[Virtio-fs] [PATCH 6/9] virtio-fs: let dax style override directIO style when dax+cache=none

Mon Apr 22 18:55:56 UTC 2019

On Wed, Apr 17, 2019 at 04:56:53PM -0400, Vivek Goyal wrote:
> On Wed, Apr 17, 2019 at 10:25:53AM +0200, Miklos Szeredi wrote:
> > On Tue, Apr 16, 2019 at 9:38 PM Vivek Goyal <vgoyal at redhat.com> wrote:
> > >
> > > On Wed, Apr 17, 2019 at 02:03:19AM +0800, Liu Bo wrote:
> > > > In case of dax+cache=none, mmap uses dax style prior to directIO style,
> > > > while read/write don't, but it seems that there is no reason not to do so.
> > > >
> > > > Signed-off-by: Liu Bo <bo.liu at linux.alibaba.com>
> > > > Reviewed-by: Joseph Qi <joseph.qi at linux.alibaba.com>
> > >
> > > This is interesting. I was thinking about it today itself. I noticed
> > > that ext4 and xfs also check for DAX inode first and use dax path
> > > if dax is enabled.
> > >
> > > cache=never sets FOPEN_DIRECT_IO (even if application never asked for
> > > direct IO). If dax is enabled, for data its equivalent to doing direct
> > > IO. And for mmap() we are already checking for DAX first. So it makes
> > > sense to do same thing for read/write path as well.
> > >
> > > CCing Miklos as well. He might have some thougts on this. I am curios
> > > that initially whey did he make this change only for mmap() and not
> > > for read/write paths.
> > 
> > AFAIR the main reason was that we had performance issues with size
> > extending writes with dax.
> 
> Finally I decided to do some measurement on performance cost of file
> extending writes. I wrote a small program to keep on writing 5 bytes
> at the end of file 16K times and measure total time.
> 
> With cache=never and dax not enabled, it takes around 2.5 to 3 seconds.
> With cache=never and dax enabled (and code modified to call dax path),
> it takes around 12 to 13 seconds.
> 
> So fallocate() path is definitely seem to be 4-5 times slower. I tried
> replacing fallocate() with truncate operation but that does not help
> much either.
> 
> Part of the reason it being slow seems to be fallocate() operation on
> host itself is expensive. It roughly took 4 seconds to perform 16K
> fallocate() requests while it took only 100 us to perform 16K write
> requests (as received by lo_write_buf()).

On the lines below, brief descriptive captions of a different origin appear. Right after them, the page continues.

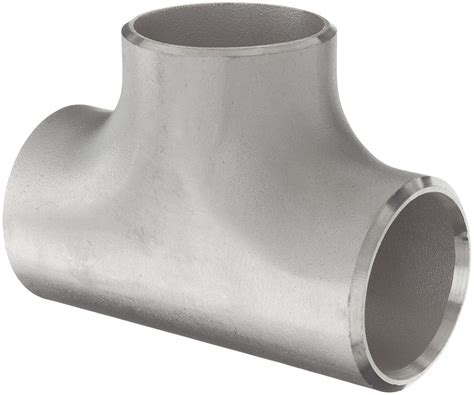 Stainless Steel L Butt Weld Pipe Fitting Tee Schedule Pipe Size Industrial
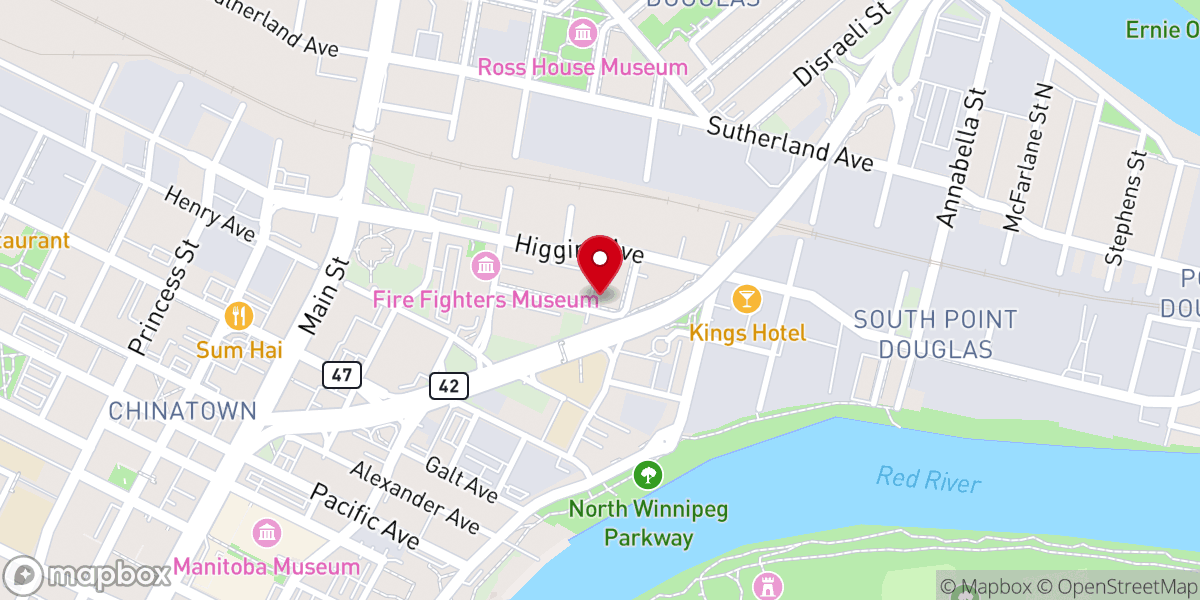 Map showing location of Our Lady of Lourdes Church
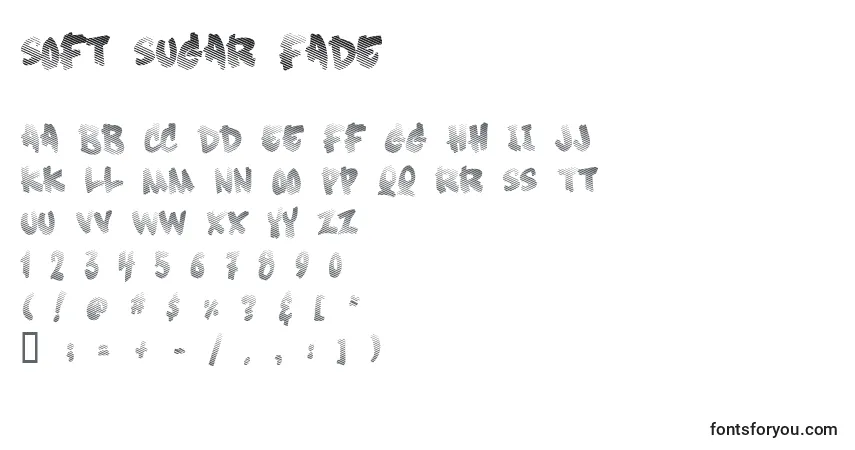 Fuente Soft Sugar Fade - alfabeto, números, caracteres especiales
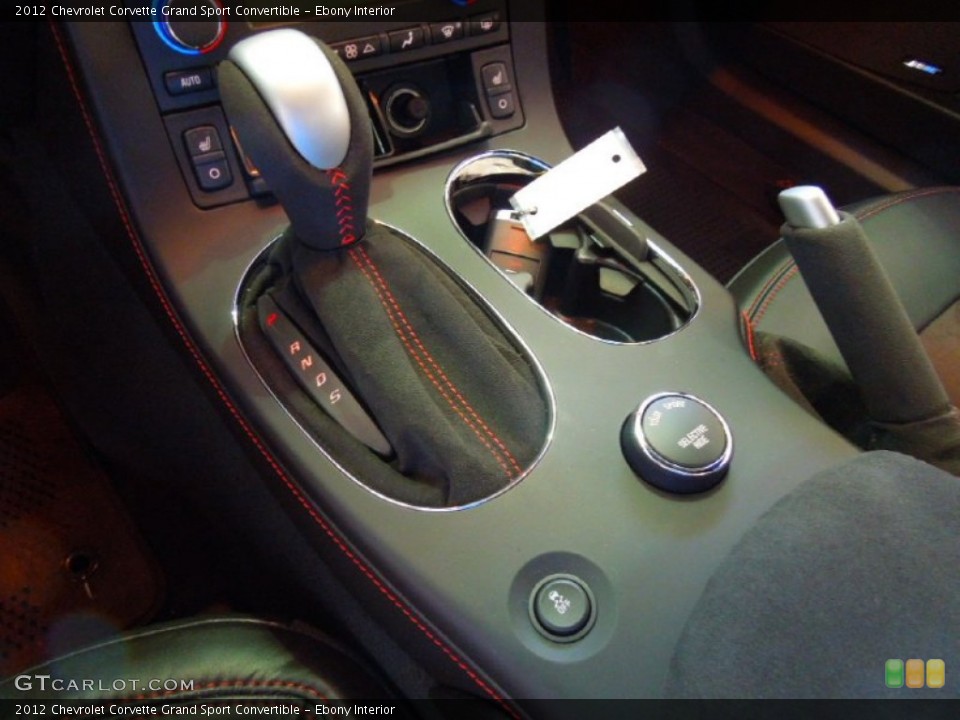 Ebony Interior Transmission for the 2012 Chevrolet Corvette Grand Sport Convertible #68402325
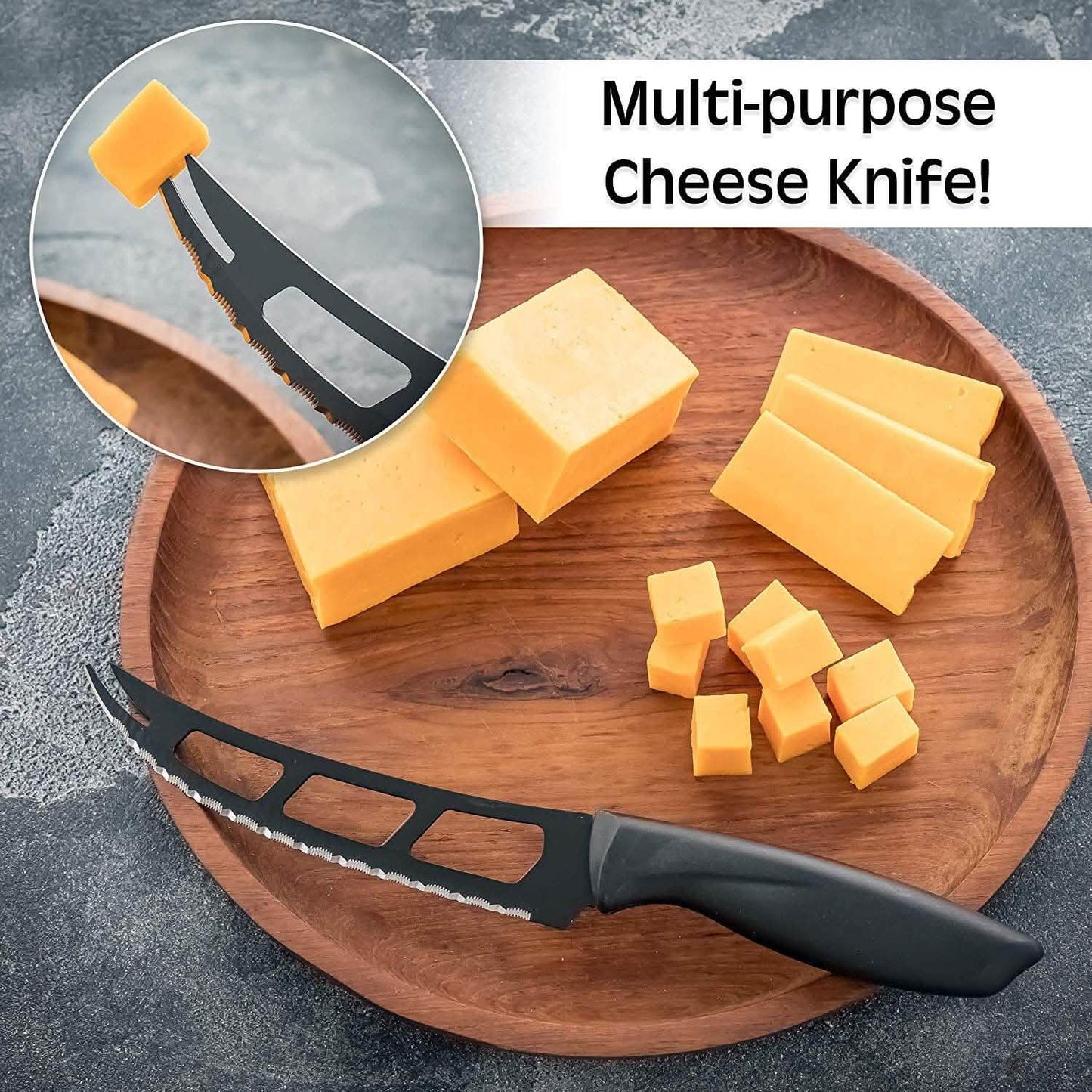 7-Piece Set: Chef Knife, Bread, Carving, Utility, Pairing, Cheese, Pizza DailySale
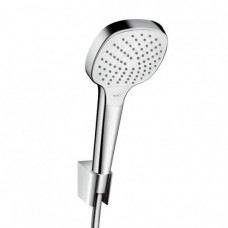 Hansgrohe rokas dušas komplekts Croma Select E Vario Porter, 1250 mm, balta/hroms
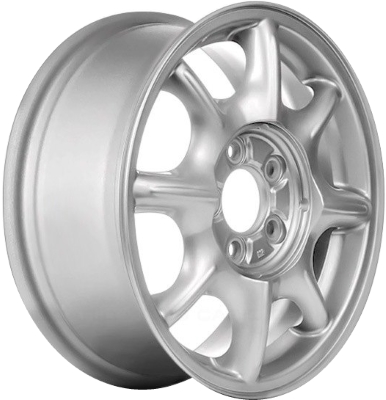 Buick Park Avenue 2000-2003 powder coat silver 16x6.5 aluminum wheels or rims. Hollander part number ALY4035, OEM part number 9593514.
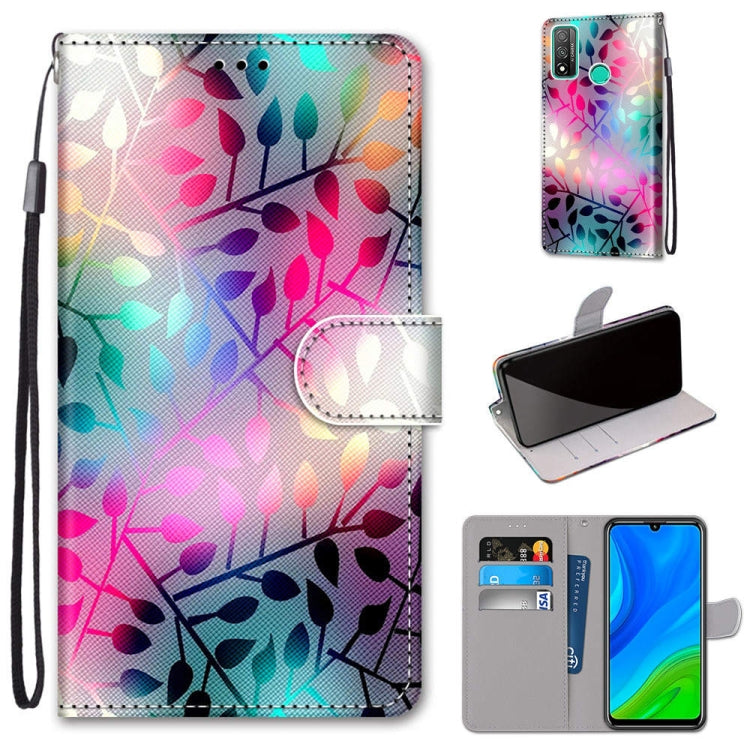 Coloured Drawing Cross Texture Horizontal Flip PU Leather Case with Holder & Card Slots & Wallet & Lanyard, For Huawei P Smart (2020), For Huawei Y5p / Honor 9S, For Huawei Y6p, For Huawei Y8s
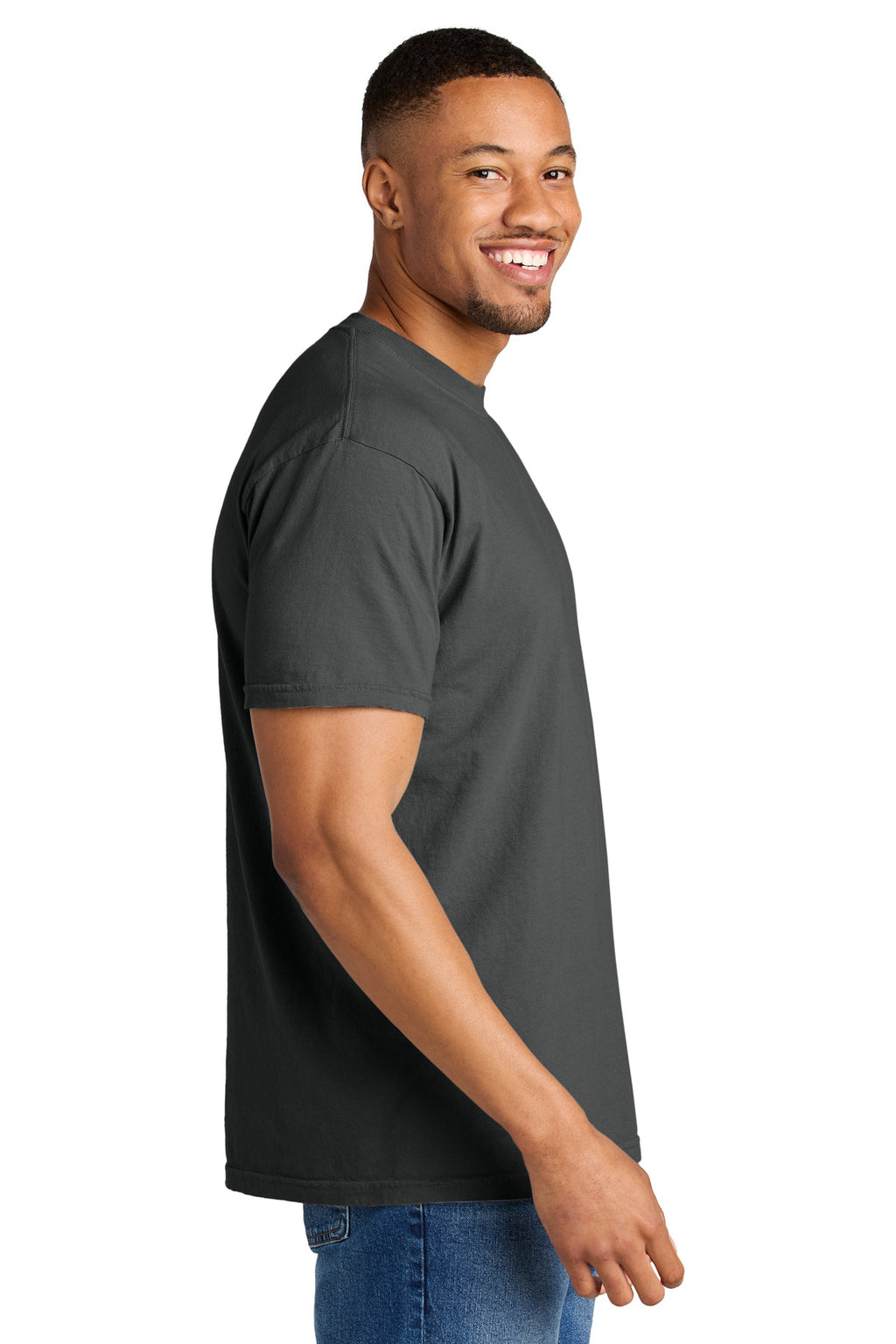 COMFORT COLORS Heavyweight Ring Spun Tee. 1717 - Graphite - side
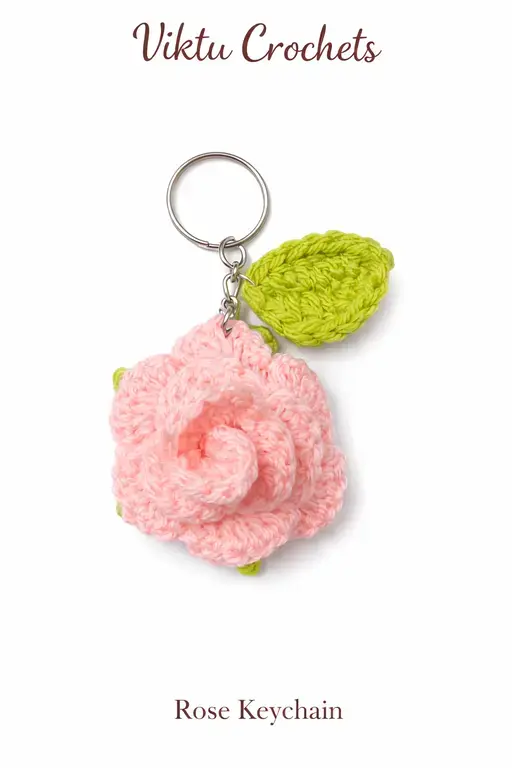23_Crochet_Rose_Keychain_Orange.webp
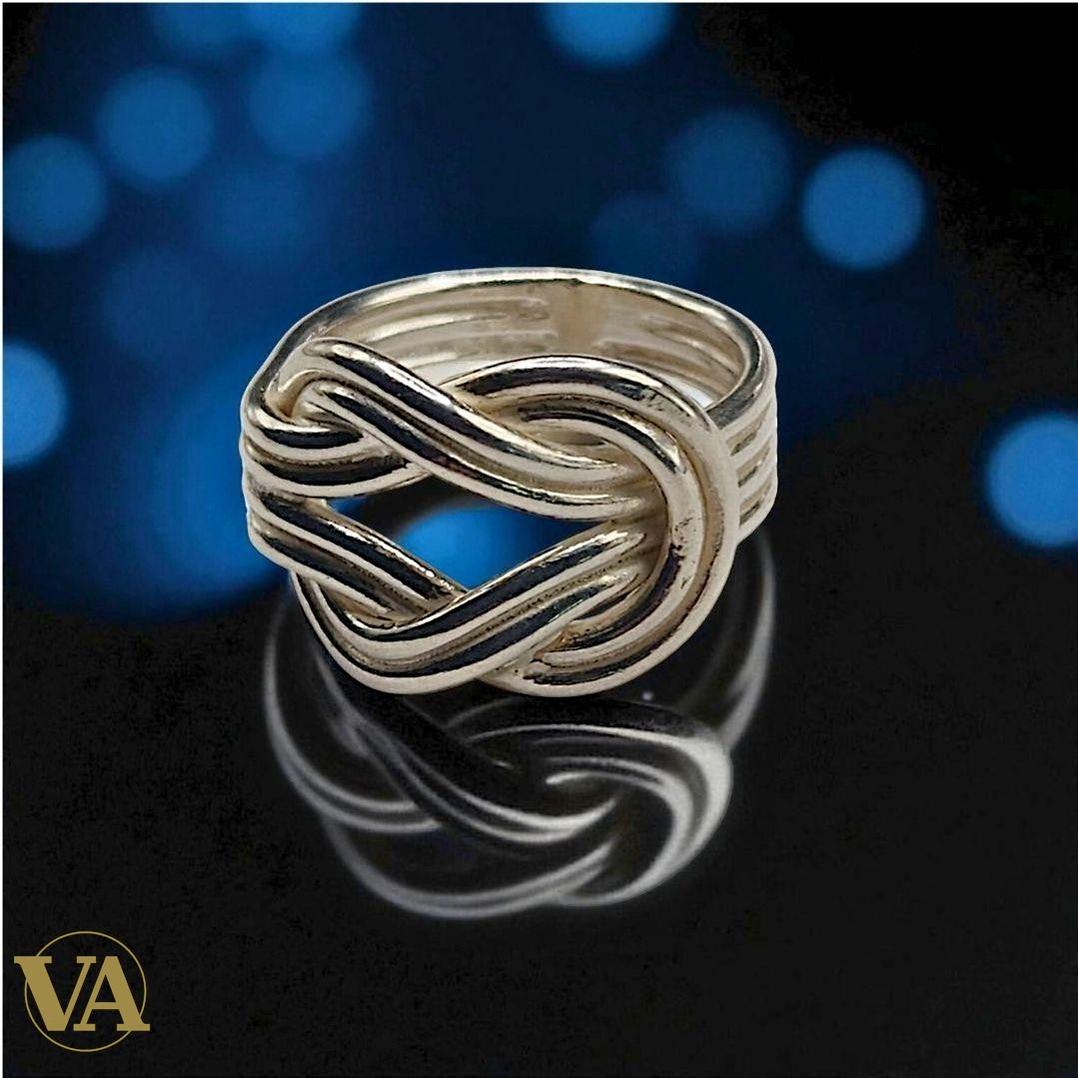 Bague femme nœud infini en argent 925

Hmm, I suppose that fallocate(2) would be much faster than posix_fallocate(2) as
posix_fallocate(2) will write zero through the range while fallocate(2) just
allocate extents on lower fs for the range.

thanks,
-liubo
> 
> But that explains only about 4 seconds of extra latency. Assuming fuse
> and virtio communication latency is same between two commands (FUSE_WRITE,
> FUSE_FALLOCATE), not sure where another 5-6 seconds of latency comes
> from.
> 
> Apart from latency, fallocate() also has the issue that its not atomic.
> 
> Thanks
> Vivek